Some time ago I was writing about a problem for reversed entropy coding (thread): encoding any bit sequence as a sequence of symbols having some chosen statistics, such that only the sender knows the probability distributions - for example to encode as a sequence resembling some common data for various steganographic/watermarking purposes, like QR codes resembling a picture (grayness becomes probability of using 1 in the corresponding pixel of the code - ICIP2014 paper).

If decoder knows the probability distributions, it can be easily done by using entropy coder with switched encoder and decoder.

If decoder doesn't know, it is more difficult, but the same rates can be approached (generalization of the Kuznetsov-Tsybakov problem).

The interesting question for data compression isif we can perform standard entropy coding with probability distributions unknown to the encoder? (known only to decoder)

In other words,can we remove the statistical modelling from the compressor? (decoder still has to do it)Thanks of recently working on JRC, I have just realized that

it can be done!

So JRC (Joint Reconstruction Codes, thread) allows to perform error correction, such that in contrast to standard error correction, the encoder doesn't need to know damage levels (to choose redundancy levels).
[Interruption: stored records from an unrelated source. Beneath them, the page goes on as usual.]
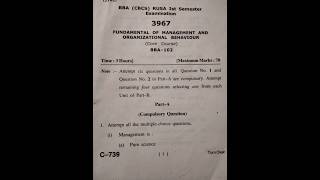 HPU BBA 1st sem Question paper 🗒️(Fundamental of management \u0026 organisational behaviour)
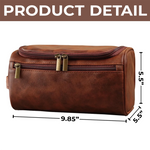 Custom Engraved Monogram Men's Gifts - Personalized Leather Toiletry Bag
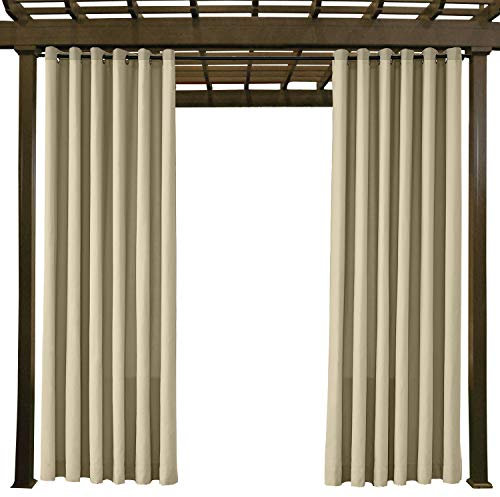 ChadMade Waterproof, Fade Resistant Outdoor Curtain Khaki 90 W x 72 L, Rustproof Grommet Eyelet Drapes For Front Porch, Pergola, Cabana, Covered Patio, Gazebo, Dock, and Beach Home (1 Panel).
For example for broadcasting or storage media problem - while the encoder has to use universal packets, each packet (receiver) can have a different noise level.

In contrast to standard error correction, JRC decoder uses damage levels as individual trust levels for each packet - it tries to guess the original message to get agreement with all the received packets, tolerating some disagreement depending on the noise level of each packet.

It assumes that message bits were from uniform {0,1} probability distribution -we can put the statistical model there instead!(to restrict the space of interesting messages and so the required information)

So how to get entropy coding without the encoder's knowledge of the probabilities...

Assume the sequence is from a statistical model (iid, Markov, etc.) with entropyH bits/symbol- a N symbol sequence can be transformed into asymptotically length NH bit sequence.

Directly storing these symbol would take lg(m) bits/symbol instead, where m is the alphabet size, lg is base 2 logarithm.

In other words,while the number of all such sequences grows like m^N = 2^(N lg(m)), the statistical model restricts this growth to asymptotically 2^(NH) - we can apply this restriction on the decoder side.So finally, the encoder should produce more than NH bits to allow the decoder to choose one of 2^(NH) messages in agreement with the statistical model.

These >NH bits can be exactly like for JRC: uniformly distributed checksum bits which depends on the entire history.

Now the decoder needs to search the space of possible 2^(NH) messages -it can be done by sequential decoding as in the current implementation of JRC: by just adding the statistical model to probabilities (weights) of candidates to consider.I can modify JRC implementation if there would be some real applications?

One application could be making cheaper encoders e.g. for sensory networks (however, decoding would become much more expensive).

Another can be distributied source coding type of applications - imagine spreading sensors locally. Individually they have poor statistics to adapt to varying conditions, hence it might be beneficial to shift the need of knowing the statistical model to the decoder, which have information from all of them.

What real-life applications of such compression without statistical modeling could you think of?